Tam öyledir de demiyor ama kovulmasında Altaylı’nın parmağı olduğunu ima ediyor.
Sosyal medyada gördüğüm kadarıyla seyirciler de Sarıoğlu’yla aynı fikirde.
Bir Allah’ın kulu da çıkıp Altaylı’yı savunmamış.
Neden biliyor musunuz?
Medya dünyası Altaylı ve türevlerinin ekmeğiyle oynadığı ya da oynamaya çalıştığı gazetecilerle dolu.
Daha önce kaç kere yazdım, Altaylı ve türevleri yuvalandıkları medya gruplarında kendini herkesten üstün gören, egoist varlıklar.
Hak, hukuk, adalet umurlarında değil.
Tek dertleri çıkarları, güç savaşları, kadrolaşma, etrafındaki yalaka takımını büyütme, genişletme.
Yalaka takımlarına ‘öv beni’ diyorlar.
Övmeyenlerin başını yiyorlar.
Neyse, Hande Hanım’a geçmiş olsun, cesaretinden ötürü de kendisini kutluyorum.
Çıktı çaaat çaaat çaaat başına gelenleri, arkasında kimin parmağı olduğunu anlattı.
Ama asıl önemli olan şu:
Altaylı ve onun gibilerin ekmeğinden ettiği, kariyerine taş koymak istediği daha kaç kişi var?
Ben en az 20 tane kadın-erkek tanıdık sayarım. Hepsinin kovulma nedeni farklı.
Bence çıksınlar, Hande Hanım gibi konuşsun, anlatsınlar.
Böylece belki bir dönem kendini medya imparatoru sanan çağı geçmiş, kariyerinin sonuna gelmiş medya egoistlerine karşı bir ‘me too’ hareketi başlar.
Ekranları tapulayanlara çağrı: Evinize dönün!
Medya Ombudsmanı sevgili Faruk Bildirici çok güzel bir iş yapmış.
Tartışma programlarına çıkan isimleri bir güzel analiz etmiş.
Evvela ellerine sağlık…
Buradan yaza yaza kalemimde mürekkep bitmişti.
Daha geçen gün RTÜK bu işe el atmalı, aynı isimler, sürekli ekranda, farklı konuları, yetkin olmadıkları alanları yorumluyorlar, bitsin bu zulüm demiştim.
Faruk Bey’in çalışması da benzer şeyleri gösteriyor.
Muhalif olsun, hükümete yakın olsun, ekranları tapulamış bir avuç insan var.
Bir günde 3 ekrana çıkanını gördüm.
Yorulmadan aynı şeyleri anlatıyorlar.
Artık konuşacak şey kalmıyor, kendileri de stüdyolarda sıkılıyorlar.
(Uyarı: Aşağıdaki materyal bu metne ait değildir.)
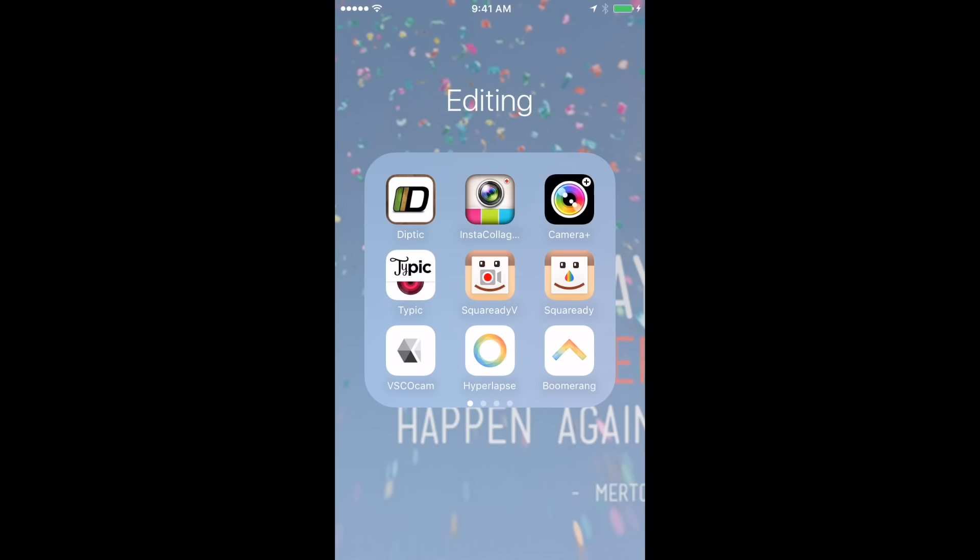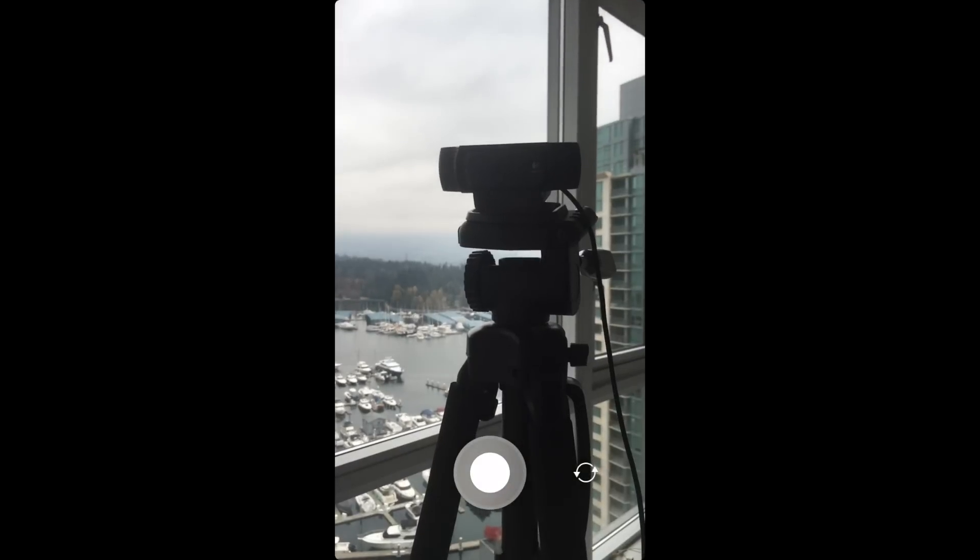To use Boomerang, it's really simple. You open up the app and you can film in portrait mode like this, or you can film in landscape mode like this. Those little arrows on the bottom allow you to flip the camera from your front-facing camera to your back-facing camera.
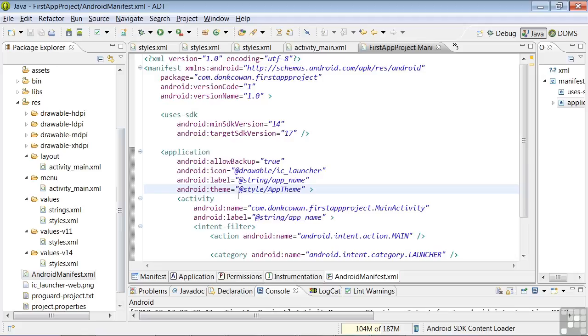Let's move on to the Activity tag that specifies activity level attributes. The Name attribute specifies the fully qualified name of the main activity, and the Label attribute is again specifying the app name.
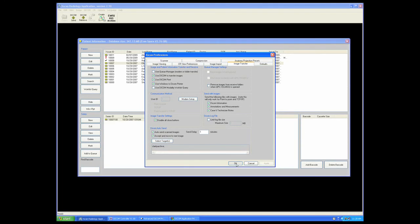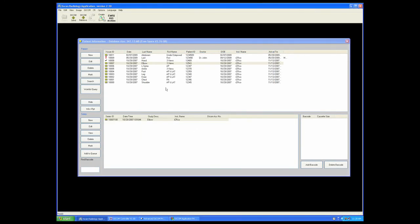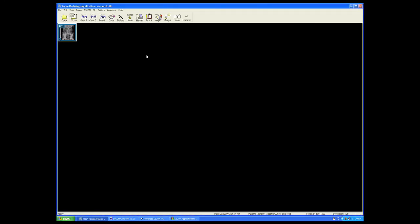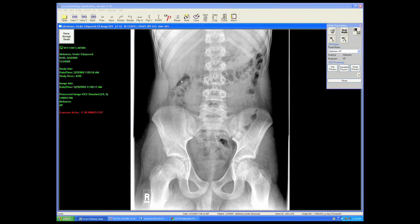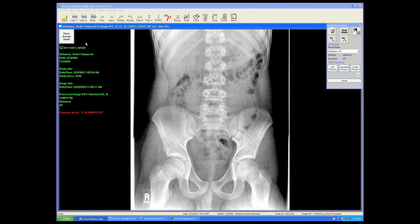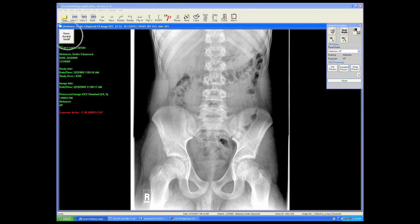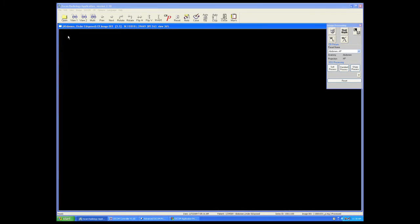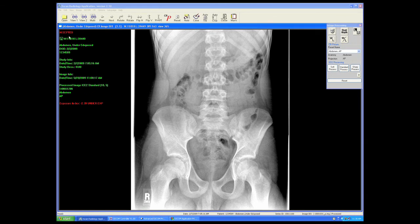When we go to open an image, you will note that the save and accept button now reads save, accept, send, and will accomplish an automatic send to the DICOM target when that button is depressed.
Eller, gözler sürekli telefonlarında.
Bu isimlere müsaadenizle seslenmek istiyorum sevgili okurlarım:
Stüdyo stüdyo dolaşacağınıza biraz evinize gidin.
Ayak ayak üstüne atıp çay demleyin.
Dinlenin.
Ekran detoksu yapın.
Yüzünüzü eskitmeyin!
Bir çift laf da kanal yöneticilerine: E yeter artık kolaya kaçacağız diye seyirciyi aptal yerine koymayın!